*EXERCISE GOAL*. Please restate, exactly as written, the lines running from the beginning of the material through the line that has "Mofii M5Ag Sütlüçay Wireless Mouse Mofii" in it.
[SOURCE MATERIAL]
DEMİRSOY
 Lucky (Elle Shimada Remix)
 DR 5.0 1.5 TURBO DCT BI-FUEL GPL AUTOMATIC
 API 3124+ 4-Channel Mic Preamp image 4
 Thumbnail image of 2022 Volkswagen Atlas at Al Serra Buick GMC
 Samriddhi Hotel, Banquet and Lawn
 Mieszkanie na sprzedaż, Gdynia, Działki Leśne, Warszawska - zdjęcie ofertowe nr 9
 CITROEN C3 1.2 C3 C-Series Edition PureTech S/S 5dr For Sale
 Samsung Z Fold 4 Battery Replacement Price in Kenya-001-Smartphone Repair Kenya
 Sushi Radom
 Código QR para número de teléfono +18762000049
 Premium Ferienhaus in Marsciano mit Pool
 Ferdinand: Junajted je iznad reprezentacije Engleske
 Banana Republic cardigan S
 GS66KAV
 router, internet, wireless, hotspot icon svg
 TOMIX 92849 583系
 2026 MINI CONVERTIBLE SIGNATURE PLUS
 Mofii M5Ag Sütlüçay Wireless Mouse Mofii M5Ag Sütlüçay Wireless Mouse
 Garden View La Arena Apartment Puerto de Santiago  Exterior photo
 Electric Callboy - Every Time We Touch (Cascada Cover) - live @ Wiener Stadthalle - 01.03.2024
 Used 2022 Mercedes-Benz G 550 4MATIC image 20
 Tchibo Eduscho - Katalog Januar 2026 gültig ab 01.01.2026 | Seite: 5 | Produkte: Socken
[/SOURCE MATERIAL]
*ANSWER*.
DEMİRSOY
 Lucky (Elle Shimada Remix)
 DR 5.0 1.5 TURBO DCT BI-FUEL GPL AUTOMATIC
 API 3124+ 4-Channel Mic Preamp image 4
 Thumbnail image of 2022 Volkswagen Atlas at Al Serra Buick GMC
 Samriddhi Hotel, Banquet and Lawn
 Mieszkanie na sprzedaż, Gdynia, Działki Leśne, Warszawska - zdjęcie ofertowe nr 9
 CITROEN C3 1.2 C3 C-Series Edition PureTech S/S 5dr For Sale
 Samsung Z Fold 4 Battery Replacement Price in Kenya-001-Smartphone Repair Kenya
 Sushi Radom
 Código QR para número de teléfono +18762000049
 Premium Ferienhaus in Marsciano mit Pool
 Ferdinand: Junajted je iznad reprezentacije Engleske
 Banana Republic cardigan S
 GS66KAV
 router, internet, wireless, hotspot icon svg
 TOMIX 92849 583系
 2026 MINI CONVERTIBLE SIGNATURE PLUS
 Mofii M5Ag Sütlüçay Wireless Mouse Mofii M5Ag Sütlüçay Wireless Mouse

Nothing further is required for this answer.